Graph Convolutional Neural Networks on superpixels for segmentation
A disadvantage of image domain segmentation using CNN is that spatial information is lost due to down-sampling by the pooling layer, and domain segmentation accuracy in the vicinity of object contours is reduced. Therefore, we proposed a graph convolution on superpixels as a different approach to prevent loss of information by pooling. In addition, we proposed a Dilated Graph Convolution, which extends the receptive field more effectively as an extension of the graph convolution. In a domain segmentation task using the HKU-IS data set, the proposed method outperformed a conventional CNN with the same configuration.

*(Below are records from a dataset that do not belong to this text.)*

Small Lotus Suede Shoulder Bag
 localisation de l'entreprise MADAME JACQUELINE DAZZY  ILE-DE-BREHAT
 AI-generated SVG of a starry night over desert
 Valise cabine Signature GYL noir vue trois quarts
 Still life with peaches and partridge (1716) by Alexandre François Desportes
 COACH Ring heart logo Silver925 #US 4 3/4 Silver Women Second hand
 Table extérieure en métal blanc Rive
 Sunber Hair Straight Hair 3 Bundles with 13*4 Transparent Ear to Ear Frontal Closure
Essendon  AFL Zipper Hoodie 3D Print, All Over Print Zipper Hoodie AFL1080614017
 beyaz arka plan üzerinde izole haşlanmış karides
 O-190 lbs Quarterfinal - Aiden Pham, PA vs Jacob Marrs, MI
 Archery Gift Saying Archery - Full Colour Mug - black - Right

Saliency map generation in image discrimination using a CNN classifier
In general, when an image is input to a CNN and a specific output obtained, it is difficult to explain why such an output was obtained. In this study, we propose a saliency map generation method given by applying a Generative Adversarial Networks framework. In this system, learning takes place while two neural networks are made to compete. The first network learns to perform image identification. The second network learns to create an image that – if an image is input to the first network and can be successfully identified – is similar to this image but outputs an incorrect result when input into to the first network. For the second network to efficiently generate such an image, it suffices for the network to generate an image in which an image area important in the image identification of the first network is significantly changed. Such learning can be regarded as a saliency map, since it is possible to explicitly output an image area important in image identification.

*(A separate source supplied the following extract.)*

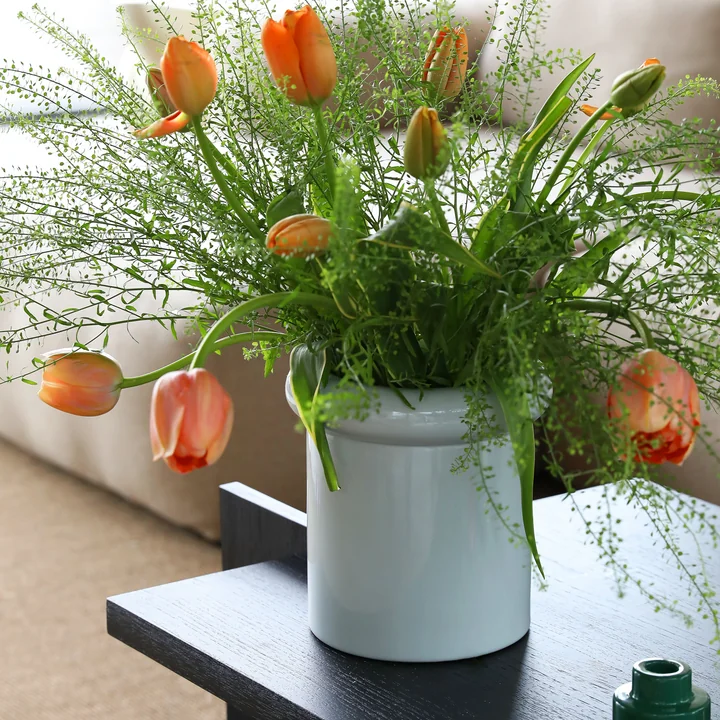 & klevering - Turban Vase 21,5 x Ø 20 cm, mist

Simultaneous execution of color adjustment and image completion by GAN
In this study, we propose a method of image completion while performing color adjustment in consideration of context in order to solve the problem of natural paste synthesis by color adjustment and image completion. In order to make the inserted object image explicitly appear in the completion area, we use CNN and Generic Adversarial Networks (GAN) for completion in consideration of context, and extract features related to the context from the entire background image. Furthermore, color adjustment taking context into consideration is carried out using the context features not only for image completion but also for color adjustment. In this way, a network is realized that simultaneously solves the problems of color adjustment and image completion.
Image Completion of 360-Degree Images by cGAN
This work proposes the novel problem setting that by using a known area from the 360-degree image as an input, the remainder of the image can be completed with the GANs. To do so, we propose the approach of two-stage generation using network architecture with series-parallel dilated convolution layers. Moreover, we present how to rearrange images for data augmentation, simplify the problem, and make inputs for training the 2nd stage generator. Our experiments show that these methods generate the distortion seen in 360-degree images in the outlines of buildings and roads, and their boundaries are clearer than those of baseline methods. Furthermore, we discuss and clarify the difficulty of our proposed problem. Our work is the first step towards GANs predicting an unseen area within a 360-degree space.

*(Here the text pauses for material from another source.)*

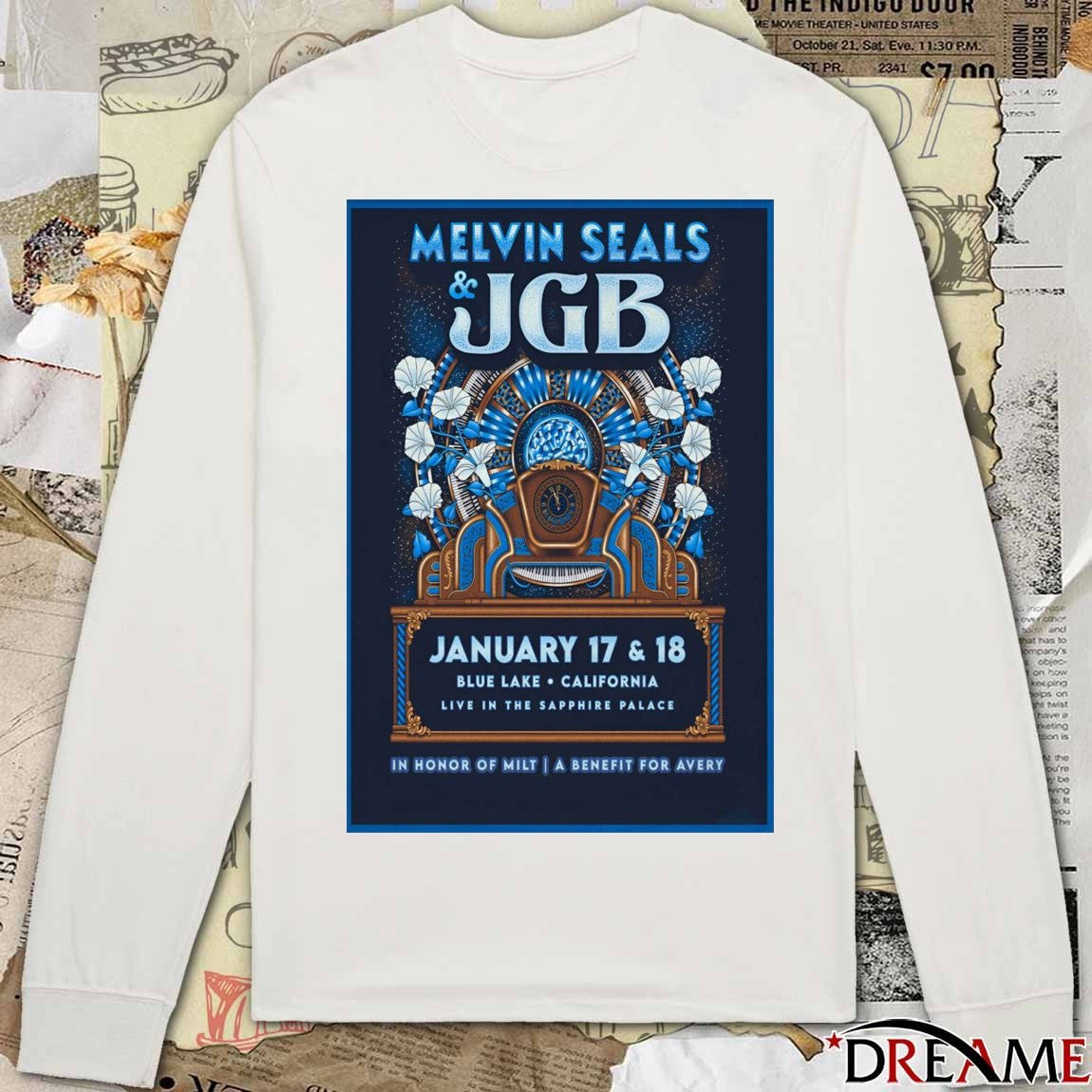 Poster Melvin Seals And JGB Tour Blue Lake CA On January 17-18 2026 t-shirt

Image control after imaging by epsilon photography reconstruction using compression sensing
Conventionally, the photographer must select many parameters on the camera at the time of photographing. Light field imaging has enabled image control after shooting with respect to focus position and shooting viewpoint, but resolution is low, specialist hardware is required, and a completely flexible restoration of the focus position and aperture size is not possible. This study relates to technology to restore images taken with various parameters from ten images shot in succession using conventional cameras with parameters such as focus position, aperture size, exposure time and ISO changed. For example, we completely reconstruct the high dynamic range focus-aperture stack using consecutively shot images with pre-set parameters as the input.